Opinion: Biased scales


It’s a flaw of human nature that we so little imagine our beliefs to be misplaced that when they are we react with nothing short of astonishment. In this ongoing game of listing the best of everything – best city, best restaurant, best college, best deodorant – we indulge the opining of the progenitors of these entirely subjective and unscientific directories with the bully pulpit. Often, the commentator finds themselves domiciled in some coastal town, megatropolis, or enclave of their fellow elites and are confronted with a result to their research that shows a Midwestern town, backwater restaurant, non-ivy college, or even drugstore-variety deodorant to have earned a spot.

“You won’t believe it,” they declare, “but this Indiana community beat out many others!”  Wow, are they truly so shocked to imagine that Hoosiers care enough to live, eat and learn well – plus exude pleasant odor? Or are they exposing their own prejudice, systemic even, that reminds us all of us that they are in charge of good taste? Never one to shy away from confirmation bias, U.S. News & World Report issued its money-making list of so-called best universities.  It ranked Indiana’s own Wabash College as an “A+ school for B students.” Is that a compliment?
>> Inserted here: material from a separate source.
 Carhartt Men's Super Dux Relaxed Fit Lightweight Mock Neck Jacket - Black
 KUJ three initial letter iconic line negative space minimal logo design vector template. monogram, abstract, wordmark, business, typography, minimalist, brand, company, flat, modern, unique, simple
True, Wabash doesn’t cut corners on quality education, nor does it garner the piles of applications of the more famous schools.

Is the restaurant’s greatness determined by the quality of the food, the celebrity of the clientele, the length of the waiting list, or the blessing of the right reviewer? “How can this be a good meal if it is affordable, can be obtained, and, most importantly, didn’t come from us?” Do they overconfidently overlook the quality of their competition? Accessibility does not have to affect outcome. Wabash College proves it. So, does inaccessibility guarantee quality? It seems unlikely.